YOUR INSTRUCTIONS >> Your reply should set down word for word each line below from the one with "Waterproof Change Color" through the final line, both included, but none of the pictures.

(AVAILABLE RECORDS begins)

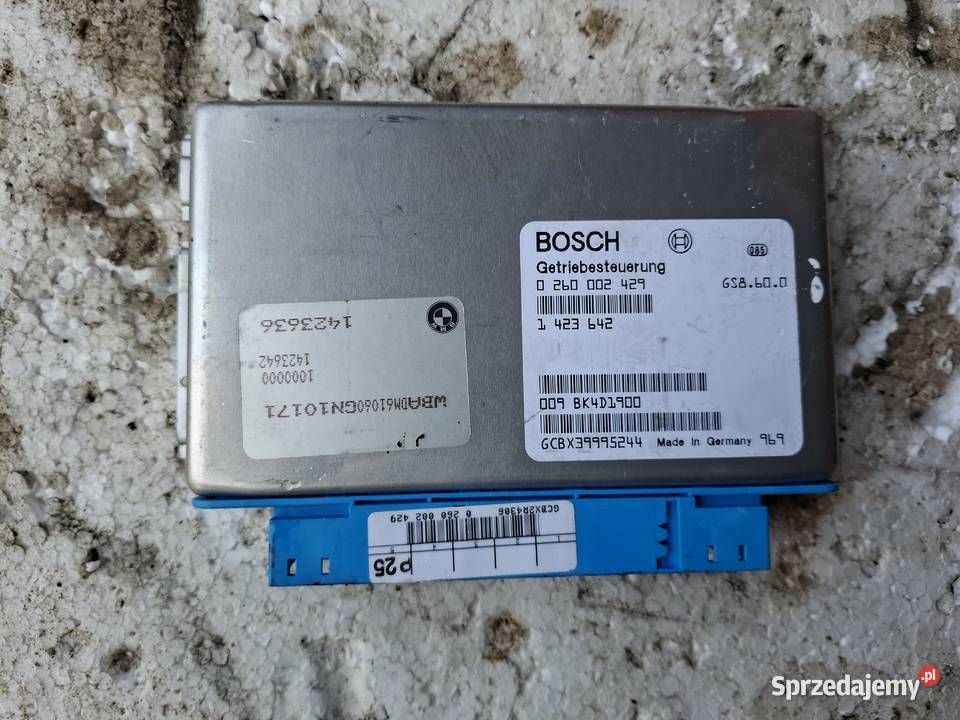Sterownik Skrzyni Biegów Bmw E39 28 sprzedam
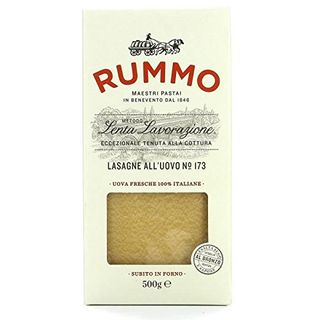 Паста RUMMO з Твердих Сортів Пшениці Яєчна Лазанья N°173 500 г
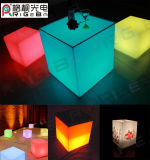 Waterproof Change Color LED Furniture LED Cube for Bar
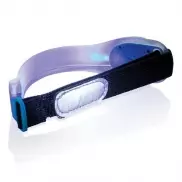 Pasek bezpieczeństwa LED - niebieski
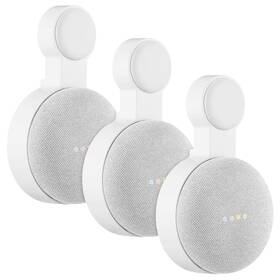 Caremoo 722737749129 Google Nest Mini Wall Mount Holder Space-saving Design Outlet Perfect
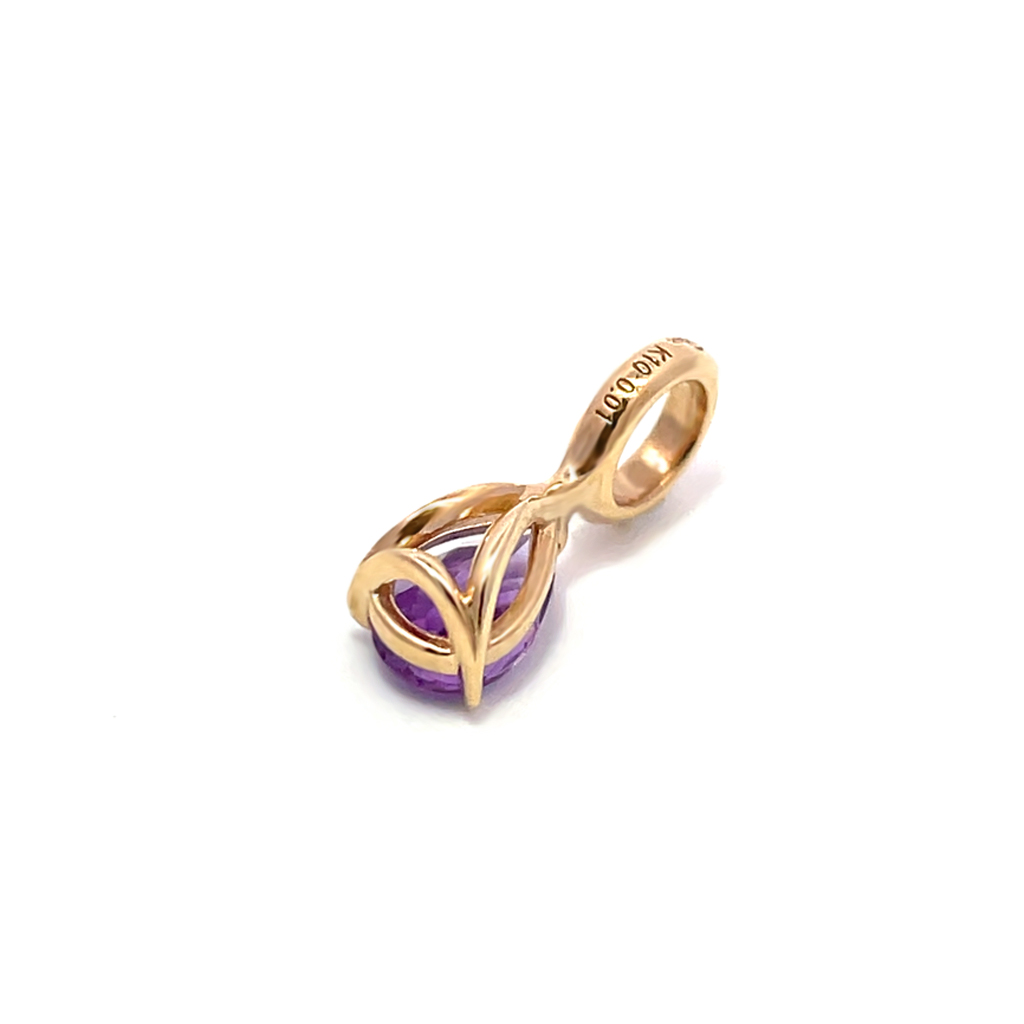 TALISMANIC AMETHYST CHARM
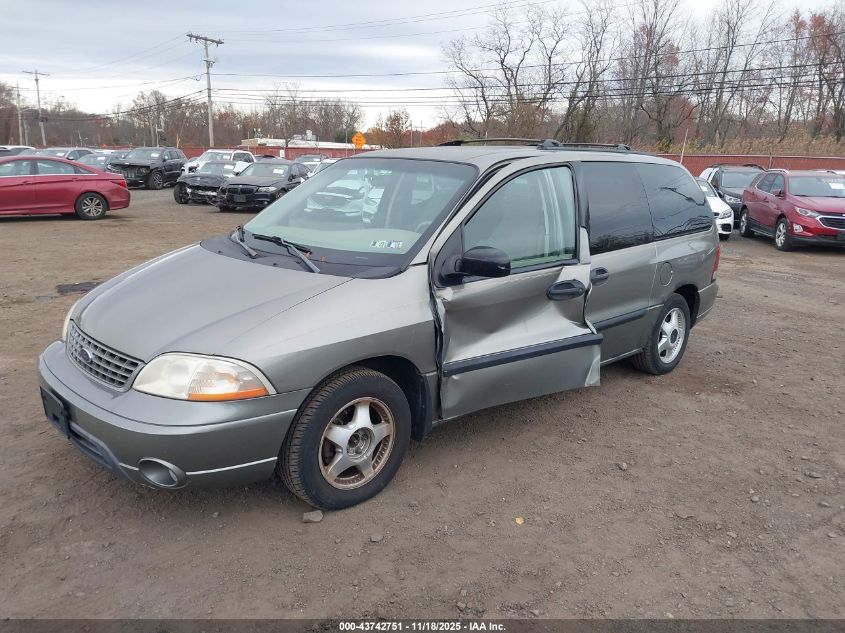 2003 Ford Windstar Lx VIN: 2FMZA51493BA69531 Lot: 43742751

(AVAILABLE RECORDS ends)

RESPONSE BELOW >>
 Waterproof Change Color LED Furniture LED Cube for Bar
 Pasek bezpieczeństwa LED - niebieski
 Caremoo 722737749129 Google Nest Mini Wall Mount Holder Space-saving Design Outlet Perfect
 TALISMANIC AMETHYST CHARM
 2003 Ford Windstar Lx VIN: 2FMZA51493BA69531 Lot: 43742751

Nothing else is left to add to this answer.